NASA Inspector Says Agency Wasted $80 Million On An Inferior Spacesuit (arstechnica.com) 76

An anonymous reader quotes a report from Ars Technica: When NASA began developing a rocket and spacecraft to return humans to the Moon a decade ago as part of the Constellation Program, the space agency started to think about the kinds of spacesuits astronauts would need in deep space and on the lunar surface. After this consideration, NASA awarded a $148 million contract to Oceaneering International, Inc. in 2009 to develop and produce such a spacesuit.
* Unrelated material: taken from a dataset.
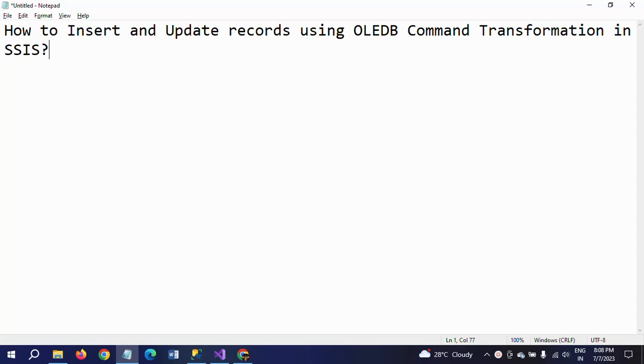Hello friends, this is Ramana. Today I will show a demo on how to insert and update records into a destination table using OLEDB Command transformation in SSIS. OLEDB Command transformation is one of the transformations in data flow task. It is used to run SQL statements and do operations like insert, update, and delete statements in the data flow.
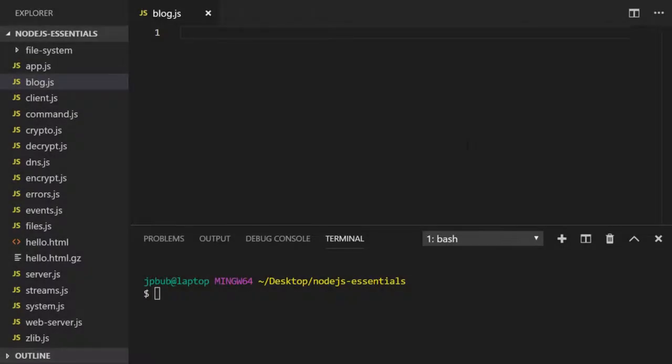In this lesson we're going to make a small Node program that highlights how you might use some of the Node core modules and access some properties of your environment in a real world situation.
However, President Obama canceled the Constellation program just a year later, in early 2010. Later that year, senior officials at the Johnson Space Center recommended canceling the Constellation spacesuit contract because the agency had its own engineers working on a new spacesuit and, well, NASA no longer had a clear need for deep-space spacesuits. However, the Houston officials were overruled by agency leaders at NASA's headquarters in Washington, DC. A new report released Wednesday by NASA Inspector General Paul Martin sharply criticizes this decision. "The continuation of this contract did not serve the best interests of the agency's spacesuit technology development efforts," the report states. In fact, the report found that NASA essentially squandered $80.6 million on the Oceaneering contract before it was finally ended last year.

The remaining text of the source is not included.